- _Data for review_
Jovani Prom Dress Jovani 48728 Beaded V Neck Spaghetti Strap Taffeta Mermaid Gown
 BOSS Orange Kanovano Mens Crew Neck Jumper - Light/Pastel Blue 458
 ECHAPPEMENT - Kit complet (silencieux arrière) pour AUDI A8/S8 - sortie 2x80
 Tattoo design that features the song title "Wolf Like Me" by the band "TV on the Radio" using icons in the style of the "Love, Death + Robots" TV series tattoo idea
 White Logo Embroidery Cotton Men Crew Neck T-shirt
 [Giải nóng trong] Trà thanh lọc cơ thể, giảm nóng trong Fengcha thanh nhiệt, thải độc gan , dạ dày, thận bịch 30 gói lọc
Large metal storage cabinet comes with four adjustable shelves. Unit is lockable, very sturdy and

- _Problem requirements_
Write out, without alteration, the line that contains "[Giải nóng trong]" and all subsequent lines down to the end of the data above.

- _Answer_
 [Giải nóng trong] Trà thanh lọc cơ thể, giảm nóng trong Fengcha thanh nhiệt, thải độc gan , dạ dày, thận bịch 30 gói lọc
Large metal storage cabinet comes with four adjustable shelves. Unit is lockable, very sturdy and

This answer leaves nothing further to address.